Martin Anders reports on the Agen Workshop 2016

Christine Brechmier from France, Dustin Williamson from Maine and Martin Anders from Germany observe Sabrina’s French class.

Martin Anders teaches French in a Waldorf School in Kaltenkirchen, near Hamburg. He has attended every Agen Workshop since 2013, so his feedback is very important to me. Here is what he wrote about this year’s edition. My comments are in italics.

I was very satisfied with the variety of morning classes you were able to offer this year. Perfect.
(There was a French class with Sabrina Sebban-Janczak, a A2 English class with Tamara Galvan, a B2 English class with Judith Dubois, a Spanish class for beginners with Margarita Perez Garcia and a Breton class with Daniel Dubois.)

The choice of the afternoon workshops was excellent, too. It would indeed help if the workshops were longer and offered more practical training (David called it learner based activities). We almost always ran out of time. (I haven’t figured out how to make the afternoons longer. I guess running out of time means that it was a good workshop.)

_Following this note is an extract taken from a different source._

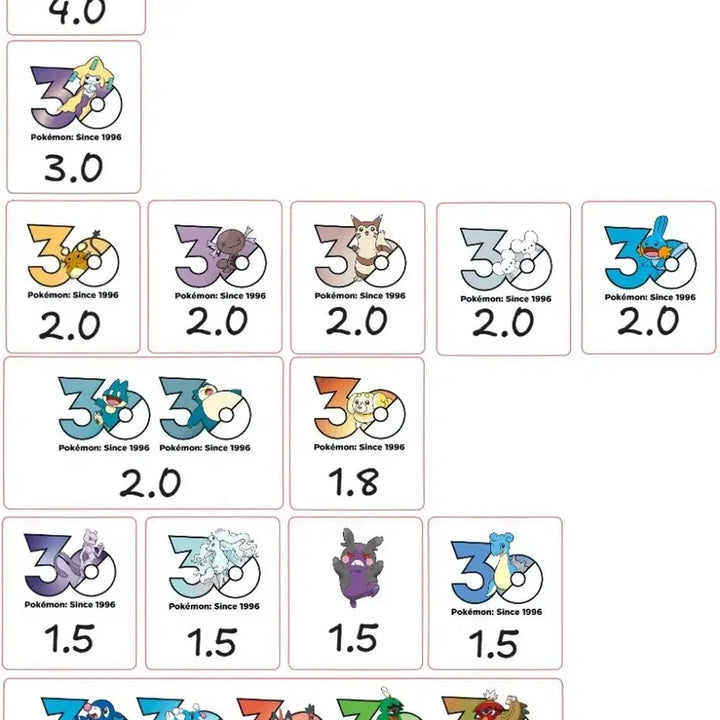 [BUNJANG] Pokemon 30th Anniversary Logo Stickers - Glaceon &amp; Others / 포켓몬 30주년 로고 스티커 양도 팩 글레이시아 외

On a second thought I would not extend the lunch break, finishing at six o’clock is ideal. Ben’s war rooms could not possibly start any later than 8.00/8.30 in the evening.

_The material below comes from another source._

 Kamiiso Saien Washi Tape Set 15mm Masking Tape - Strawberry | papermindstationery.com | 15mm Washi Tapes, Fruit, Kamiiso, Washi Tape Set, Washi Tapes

Some personal after-thoughts I wrote down in my notebook on the plane:

Our schools are sick. As a teacher, I have to ask myself: What do I want? Teach the language or math or physics to the minds of my students? Or do I want to reach out to them as individuals, create a safe place, rely on their strengths and not on their deficits, and help to develop their individual personalities?
It is not only the students who have to learn to show up as human beings. In the first hand it is us, the teachers who have to do this and eventually learn this. We must learn to be more than a big brain on two tiny legs. We must learn to be really present in front of our students, learn to open up to them, to feel where the energy goes in the room.

But how can we show up as human beings when we are not even able to do this in our own private lives, in our relations to others who are important to us? We cannot reach the heart of our students when our own hearts are heavy with fear or anger or arrogance.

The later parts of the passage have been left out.